St Mary's, Swinbrook, Oxfordshire. Swinbrook is where the Mitford girls grew up so Nancy's The Pursuit of Love (definitely in our top ten and always on our table of 'fifty books we wish we had published') had its origins here.

8.2.11

Someone has downloaded thirty-four of Edwin Smith's photographs onto Picasa here. This is Galleria Umberto 1 in Naples in 1963. Could the businessmen have posed deliberately or is it just chance that they look as though they are on the set of a ballet or an opera?

7.2.11

Members of SPAB (Society for the Preservation of Ancient Buildings), which obviously we are at Persephone Books, receive Cornerstone four times a year. The content is not available online; but this might encourage a few people to subscribe in order to receive the recent number. In it they will find an excellent article about Edwin Smith, who took (but take seems a rather bland word for these extraordinary photographs) the pictures of Peggy Angus's kitchen and the front wall of Furlongs on the Post last week. The article says that Smith once described photography as 'co-operating with the inevitable' (which is perhaps what a modest writer would say about a novel or a short story); and that 'many of his pictures were made with the large format plate cameras which render architectural detail with such precision. From the big negatives these produced – not without considerable effort, for an exposure of half an hour might not be unusual in a dim church interior – he made exquisite prints that translate the building's character into a symphony of subtle tones and shades.' This 1966 photograph of steps at Castle Ward, Co. Down is at the V & A.

4.2.11

James Ramsay Macdonald with members of his family by Peggy Angus 1930s © National Portrait Gallery. Are they Scottish? Could this be House-Bound?

3.2.11

Another Edwin Smith photograph of Furlongs, also available to buy as a print here.

2.2.11

Some of Peggy Angus's designs have been reproduced as fabric and wallpaper by two companies, Blithfield and Fabrics & Papers. The pink is cheering for another 'white cloud' morning; and of course the green would have been perfect for Dorothy Whipple's Greenbanks this autumn but 'Oakleaves', as this is called, looks like a post-war design (Greenbanks is early Whipple, 1932).

1.2.11

Here is Peggy's kitchen photographed in 1953 by Edwin Smith (1912-71) © RIBA library, available as a 'silver gelatin' print from Chris Beetles.
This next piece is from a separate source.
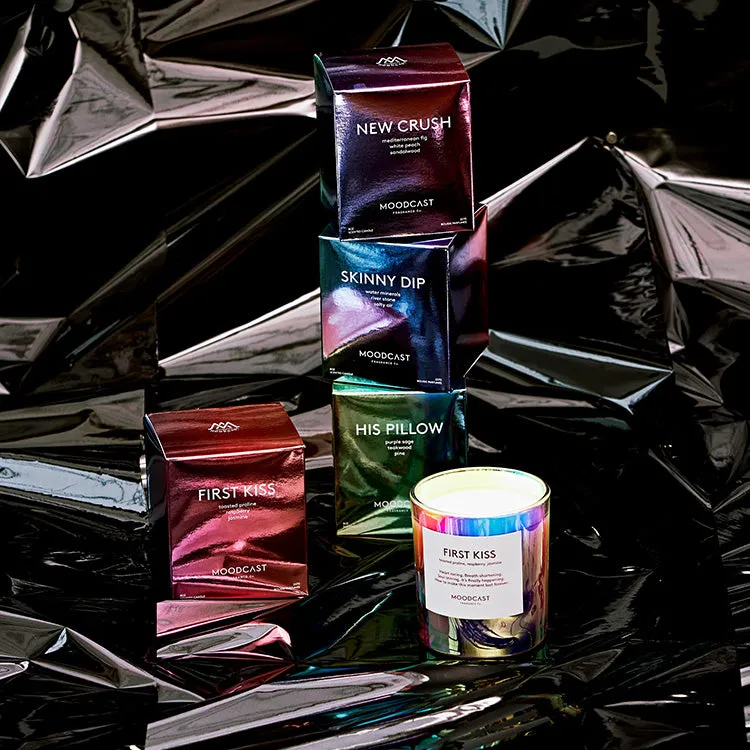 Moodcast Fragrance Co. Candle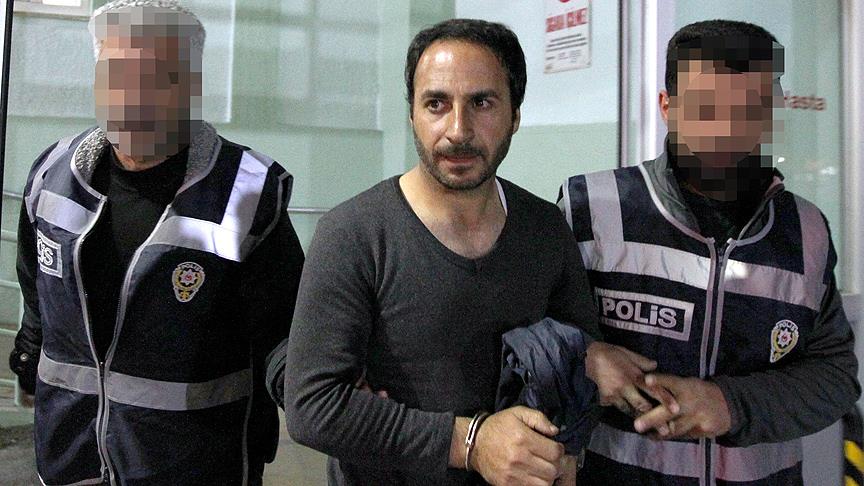 FETÖ'nün sözde 'Doğu Anadolu Bölgesi dernekler abisi'ne tutuklama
Who wants posh when they could have proper milk bottles and a wooden table and oil lamps and Peggy's own wallpaper? (Someone at a Distance was first published in 1953, yet it doesn't seem likely Peggy would have been getting it out of Boots Lending Library in Lewes; nowadays she could buy it at the amazing Much Ado Books in Alfriston, which stocks all our books and where Dorothy Whipple is an especial favourite.)